You are not your resume's audience, so stop designing it for yourself
Think how a recruiter would scan your resume
Working on your resume is as much an art as it is a science. We don’t exactly know what works best since everyone has conflicting opinions. If you ask 10 people about the best resume design, you will get 10 different answers. If you ask people across industries then the answers are even more varied.
First mistake that we make it tailoring the resume to make it look good and fit our aesthetic sensibilities. You are not your audience of your resume. It doesn’t matter what opinion you have of your resume. What does a recruiter think about your resume? Are they impressed? Did they lose interest?
The actual question should be “How does a recruiter scan your resume?”. Given that they have hundreds of resumes to scan through, why does your resume stand out? Are they looking for a list of technical skills or your work experience? Which one would you present first? Is Education section more important than Experience?
While this is an old study, in 2012 BusinessInsider reported that recruiters look at your resume for just 6 seconds. That’s not a lot of time, which means they are skimming it. If the resume is not eye-catching, the details are irrelevant. The layout matters more than contents if you want to cross the first hurdle - getting shortlisted.
The one on the right has clearly marked section, providing guiding lines for the recruiter to jump where they wish to.
While there are a millions of solutions to fix your resume, there is no “Correct” format. Just guidelines to improve your odds
Overview, Experience, Skills, Projects, Education etc should have their own section, with clear seperation of sections
The most recent experience matters.
Draw attention to the Company Name and Title by bolding them. Don’t bold duration, location and description. When everything is bold, nothing is bold.
If you are in tech, writing details of each job experience, broadly follow these steps
Start the sentence with an action. e.g. “Improved”, “Reduced”, “Saved Cost” etc
Use numbers to justify your achievements. They should be believable.

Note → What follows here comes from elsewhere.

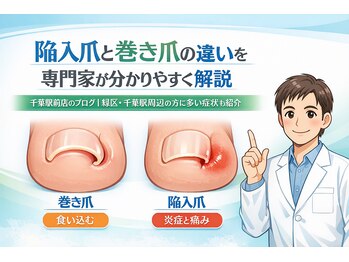 巻き爪じゅん 千葉駅前店/陥入爪と巻き爪の違い院長が解説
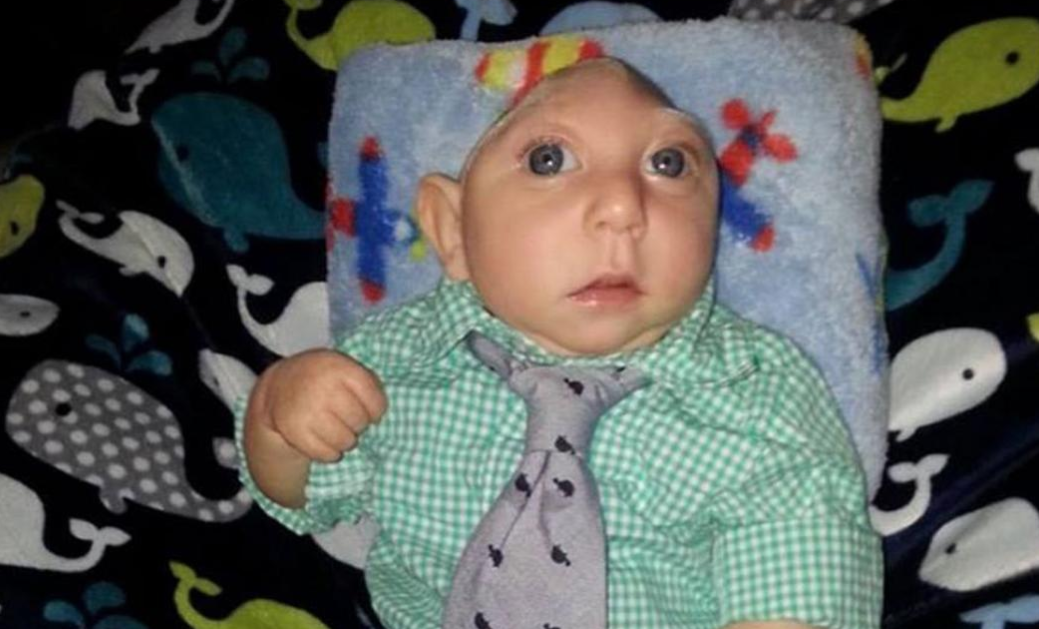 متلازمة الطفل الضفدع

For Education, just bold the name of the University. If the recruiter is interested, then they can read more.
Skillset - Just have two lines. First line is a comma seperated list of technical skill and second line for non-technical skills. These are probably for ATS, not for humans.
Recruiters are likely to scan your resume from top to bottom looking at just the leftmost word. If leftmost word is catchy, they might read the rest. That’s why we start the sentence with action. That’s why the leftmost side should have name of the comany.
Let’s have a look at how an experience section could look like
CompanyName Location, State
Title/Position From - To (Duration)
Improved user satisfaction tracked using NPS from X to Y (17% improvement), by taking specific actions
Reduced request latency from X to Y (8% reduction), by investigating bottlenecks and optimizing critical code paths
Saved cost of $400K by analyzing log access patterns and updating the archival policy.